Diese alte Ruine aus rotem Backstein, eindrucksvoll im strahlenden Sonnenlicht mit herbstlich rot und gelb gefärbten Bäumen rundum und leuchtend blauem Himmel. Hier wohnten, arbeiteten, beteten, litten und stritten Menschen vor so langer Zeit. Jeder Stein, den wir berühren oder auf den wir treten, hat schon so viel erlebt, kann so viel erzählen.

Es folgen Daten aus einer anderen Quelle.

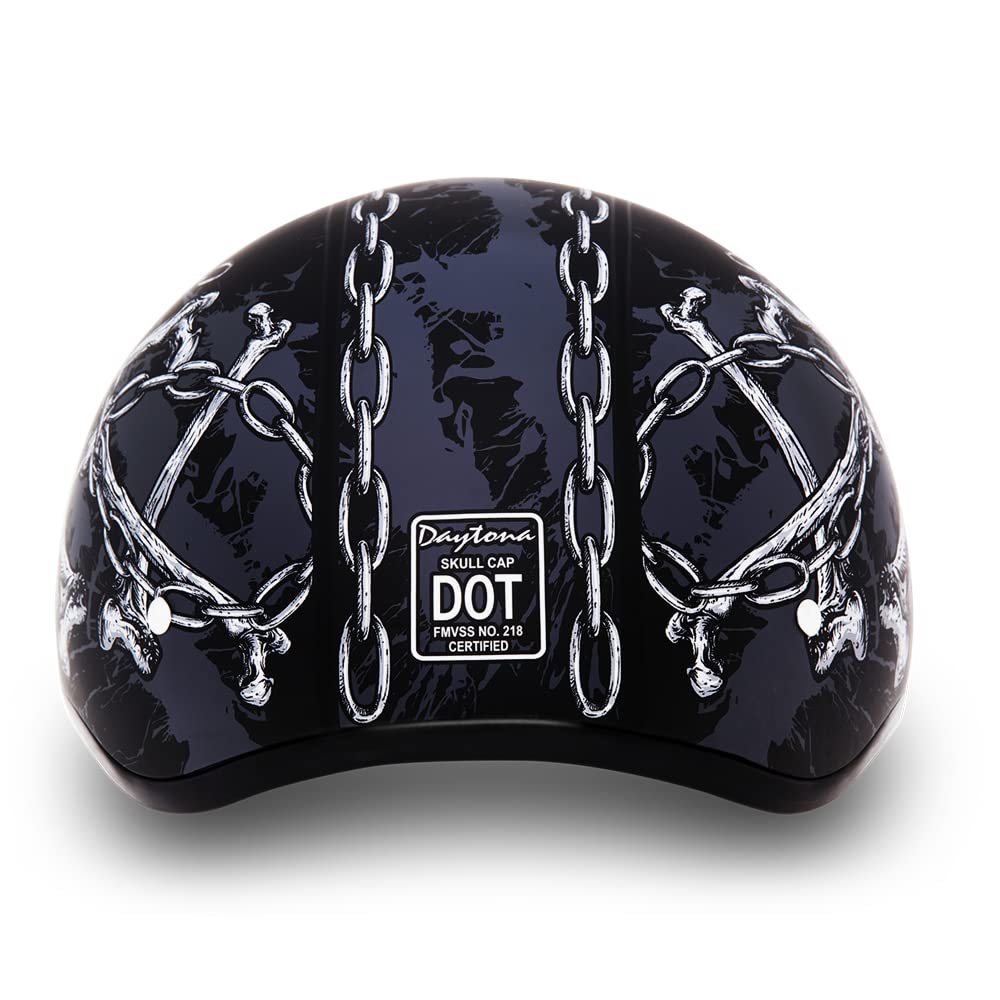 Daytona Helmets Motorcycle Half Helmet Skull Cap- Skull Chains 100% Dot Approved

Nicht nur vom Leben der Mönche, sondern auch später vom Einwirken des Architekten Karl Friedrich Schinkel, der zufällig hier pausieren musste während des Pferdewechsels seiner Postkutsche und diesen magischen Ort für sich entdeckte und darauf hinwirkte, dass er bewahrt bleiben würde – ein tolles Vorbild für persönlichen Einsatz mit erfolgreichem Ergebnis bis heute!

Steinige Wege

Überall lässt es sich rumspazieren, Entdeckungen machen, eintauchen in diese ruhige anheimelnde Umgebung, wo das Leben aber doch so hart und unbequem war! Dann „Radeln“ auf dem Amtsweg – offiziell als Radweg ausgeschildert, aber mit altem Steinpflaster ausgestattet – nervig, aber doch wieder eindrucksvoll: in einer Kutsche diesen Weg lang zu fahren war vermutlich auch nicht angenehm.

Die Geschichte ruckelt einen im wahrsten Sinne des Wortes wach!